ACTIVITY: Scan the records beneath this line for the line holding "Kitchen with big island and pendant lights" and the line holding "concrete background 90470323", then transcribe exactly those two and all lines between.

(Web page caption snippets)

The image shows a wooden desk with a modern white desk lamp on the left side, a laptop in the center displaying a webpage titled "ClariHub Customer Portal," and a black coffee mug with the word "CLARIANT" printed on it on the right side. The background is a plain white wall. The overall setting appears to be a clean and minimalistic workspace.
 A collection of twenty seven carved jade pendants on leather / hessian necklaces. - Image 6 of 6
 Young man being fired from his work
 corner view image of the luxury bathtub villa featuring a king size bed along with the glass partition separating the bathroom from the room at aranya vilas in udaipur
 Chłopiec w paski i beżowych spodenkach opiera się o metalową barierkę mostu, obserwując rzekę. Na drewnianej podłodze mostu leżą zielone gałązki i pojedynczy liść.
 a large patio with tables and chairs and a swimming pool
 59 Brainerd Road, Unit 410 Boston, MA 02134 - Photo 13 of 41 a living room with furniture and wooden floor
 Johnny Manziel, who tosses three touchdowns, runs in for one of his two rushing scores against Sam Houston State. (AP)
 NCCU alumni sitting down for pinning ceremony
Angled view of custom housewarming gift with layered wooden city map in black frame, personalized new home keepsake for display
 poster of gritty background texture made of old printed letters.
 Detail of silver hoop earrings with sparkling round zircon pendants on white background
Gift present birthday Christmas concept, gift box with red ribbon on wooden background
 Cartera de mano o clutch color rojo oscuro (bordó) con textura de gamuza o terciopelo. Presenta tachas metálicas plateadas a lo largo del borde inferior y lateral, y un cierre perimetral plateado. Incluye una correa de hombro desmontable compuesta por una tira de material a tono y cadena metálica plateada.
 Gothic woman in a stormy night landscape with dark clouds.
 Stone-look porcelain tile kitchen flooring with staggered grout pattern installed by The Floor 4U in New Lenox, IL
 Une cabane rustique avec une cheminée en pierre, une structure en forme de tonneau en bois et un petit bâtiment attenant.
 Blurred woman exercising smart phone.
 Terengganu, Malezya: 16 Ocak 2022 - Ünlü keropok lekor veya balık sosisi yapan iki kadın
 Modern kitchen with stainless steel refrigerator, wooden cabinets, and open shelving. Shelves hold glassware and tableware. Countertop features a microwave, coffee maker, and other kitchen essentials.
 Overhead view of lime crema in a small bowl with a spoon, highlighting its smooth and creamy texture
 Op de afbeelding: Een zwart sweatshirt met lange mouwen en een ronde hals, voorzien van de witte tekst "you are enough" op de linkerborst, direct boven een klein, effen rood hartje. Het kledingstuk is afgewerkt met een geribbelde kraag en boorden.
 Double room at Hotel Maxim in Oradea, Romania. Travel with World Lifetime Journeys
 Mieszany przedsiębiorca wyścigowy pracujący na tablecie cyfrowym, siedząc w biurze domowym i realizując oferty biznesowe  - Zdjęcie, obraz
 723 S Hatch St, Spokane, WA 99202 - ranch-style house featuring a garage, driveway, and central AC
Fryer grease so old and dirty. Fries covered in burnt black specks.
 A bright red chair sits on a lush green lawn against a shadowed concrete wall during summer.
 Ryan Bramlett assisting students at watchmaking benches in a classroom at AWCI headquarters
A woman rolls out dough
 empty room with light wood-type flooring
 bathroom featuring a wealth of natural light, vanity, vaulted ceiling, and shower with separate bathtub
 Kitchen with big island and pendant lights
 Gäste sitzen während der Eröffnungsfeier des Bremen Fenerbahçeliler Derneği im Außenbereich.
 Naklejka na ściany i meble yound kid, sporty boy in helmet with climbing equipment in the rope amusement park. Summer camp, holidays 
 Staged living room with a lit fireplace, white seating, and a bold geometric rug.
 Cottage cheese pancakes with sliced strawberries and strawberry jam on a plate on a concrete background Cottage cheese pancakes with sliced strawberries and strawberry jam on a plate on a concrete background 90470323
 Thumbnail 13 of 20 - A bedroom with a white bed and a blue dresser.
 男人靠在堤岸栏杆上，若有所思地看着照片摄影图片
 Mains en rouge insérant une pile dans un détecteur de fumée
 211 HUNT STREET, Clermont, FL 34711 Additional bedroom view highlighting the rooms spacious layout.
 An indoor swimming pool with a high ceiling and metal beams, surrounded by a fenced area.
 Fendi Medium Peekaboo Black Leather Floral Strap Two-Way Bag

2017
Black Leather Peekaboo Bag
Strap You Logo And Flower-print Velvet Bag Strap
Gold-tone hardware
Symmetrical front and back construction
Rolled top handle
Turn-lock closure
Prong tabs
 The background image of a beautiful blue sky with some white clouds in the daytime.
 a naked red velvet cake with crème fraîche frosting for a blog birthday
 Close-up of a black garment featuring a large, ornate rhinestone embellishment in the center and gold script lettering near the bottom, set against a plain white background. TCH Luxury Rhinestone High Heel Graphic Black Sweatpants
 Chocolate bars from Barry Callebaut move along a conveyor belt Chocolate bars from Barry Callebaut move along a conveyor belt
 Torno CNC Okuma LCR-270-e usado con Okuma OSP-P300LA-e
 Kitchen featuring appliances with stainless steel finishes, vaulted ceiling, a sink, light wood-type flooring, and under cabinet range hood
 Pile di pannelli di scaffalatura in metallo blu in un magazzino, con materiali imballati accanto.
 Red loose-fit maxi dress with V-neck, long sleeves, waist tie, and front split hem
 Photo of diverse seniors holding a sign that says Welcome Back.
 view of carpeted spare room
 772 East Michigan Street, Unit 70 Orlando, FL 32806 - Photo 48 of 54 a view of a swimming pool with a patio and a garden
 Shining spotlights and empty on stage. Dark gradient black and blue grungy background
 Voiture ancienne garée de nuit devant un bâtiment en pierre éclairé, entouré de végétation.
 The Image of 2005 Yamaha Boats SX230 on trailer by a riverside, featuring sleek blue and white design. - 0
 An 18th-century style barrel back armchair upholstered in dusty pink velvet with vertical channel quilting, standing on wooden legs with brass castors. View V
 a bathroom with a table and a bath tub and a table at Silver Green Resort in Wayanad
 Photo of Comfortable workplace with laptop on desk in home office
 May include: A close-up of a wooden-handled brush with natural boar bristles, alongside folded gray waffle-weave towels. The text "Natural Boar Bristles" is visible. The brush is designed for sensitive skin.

WRITTEN ANSWER:
 Kitchen with big island and pendant lights
 Gäste sitzen während der Eröffnungsfeier des Bremen Fenerbahçeliler Derneği im Außenbereich.
 Naklejka na ściany i meble yound kid, sporty boy in helmet with climbing equipment in the rope amusement park. Summer camp, holidays 
 Staged living room with a lit fireplace, white seating, and a bold geometric rug.
 Cottage cheese pancakes with sliced strawberries and strawberry jam on a plate on a concrete background Cottage cheese pancakes with sliced strawberries and strawberry jam on a plate on a concrete background 90470323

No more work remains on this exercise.